Forty-eight of the state's 72 counties will be completing the recount by hand, while 14 counties plan to use optical scanners and 10 counties plan to use a combination of optical scanners and hand counts, though those numbers may change, Magney said.

County clerks in each of the counties will send a summary email to the commission either at the end of each night or early the next morning during the recount, and the commission will post a spreadsheet with ward-level data on the recount daily, Magney said.

According to the Wisconsin Elections Commission, Donald Trump won the state with 1,404,000 votes, and Hillary Clinton came in second with 1,381,823 votes -- a difference of 22,177 votes. Stein had 31,006 votes.

Stein has said that she was calling for the recount "because of the vulnerability of … voting systems and various indicators of concern," though she admitted that she does not expect the outcome of the election to change. Clinton's team has said it will support the recount effort.

Trump tweeted that the recount was a "scam" on behalf of the Green Party and later made the unsubstantiated claim that he "won the popular vote if you deduct the millions of people who voted illegally." His claims have not been independently verified, and election officials from numerous states -- including Wisconsin -- have criticized Trump's claim of having won the popular vote nationwide and said that there was no widespread illegal voting in their states.
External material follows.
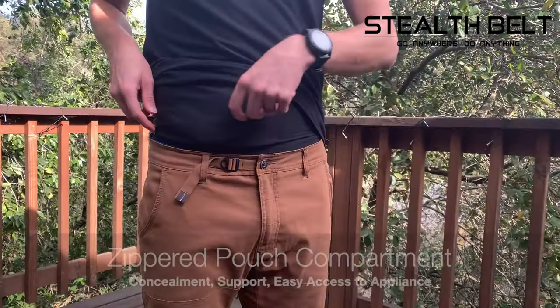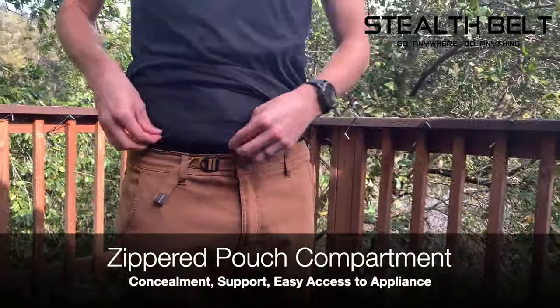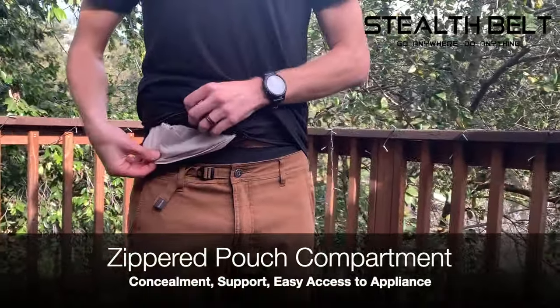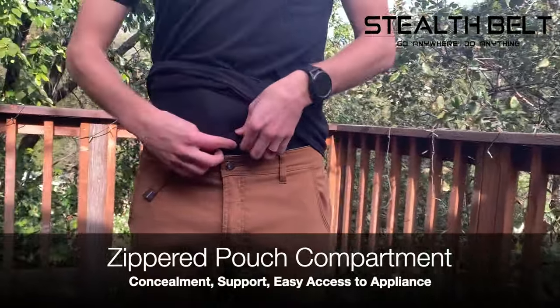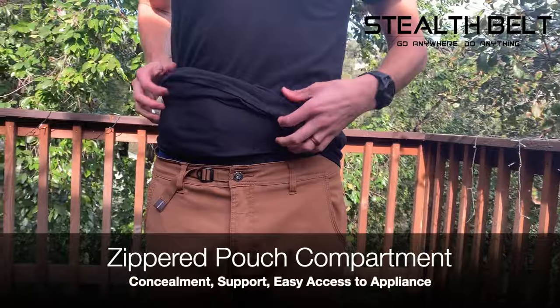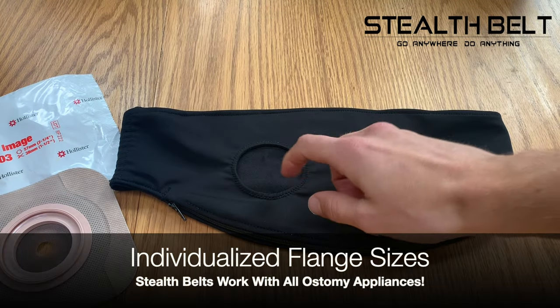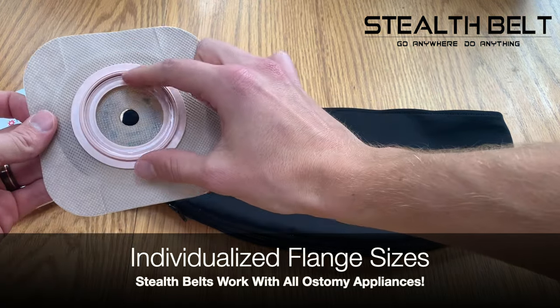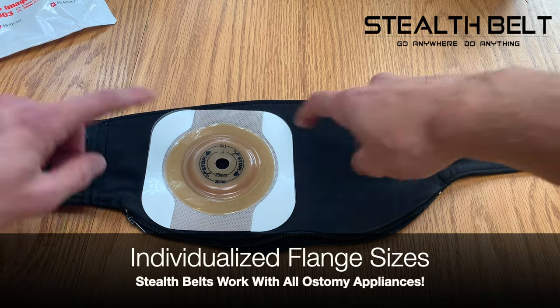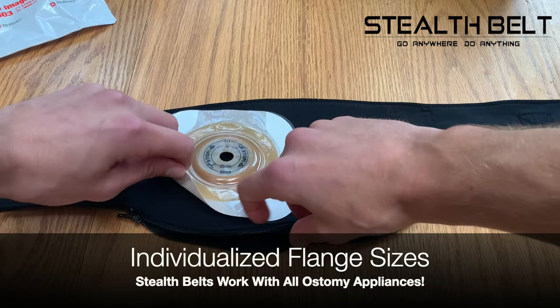Stealth belts feature a zippered pouch compartment that completely conceals the appliance, supports the weight of the bag as it fills, and allows for easy access to the bag when it's time to empty. Stealth belts also feature a flange hole that is made to match the size of the ostomy appliance, so that the bottom layer of the belt can apply gentle pressure to the adhesive.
"The 2016 election cycle has already been challenging for local election officials and an unprecedented statewide recount for president is one last hurdle," the commission's administrator, Michael Haas, wrote in the recount order released Tuesday. "We are confident that the recount will demonstrate the security of elections in Wisconsin and highlight the work done by local election officials to ensure that elections in the state are administered in a fair and transparent manner."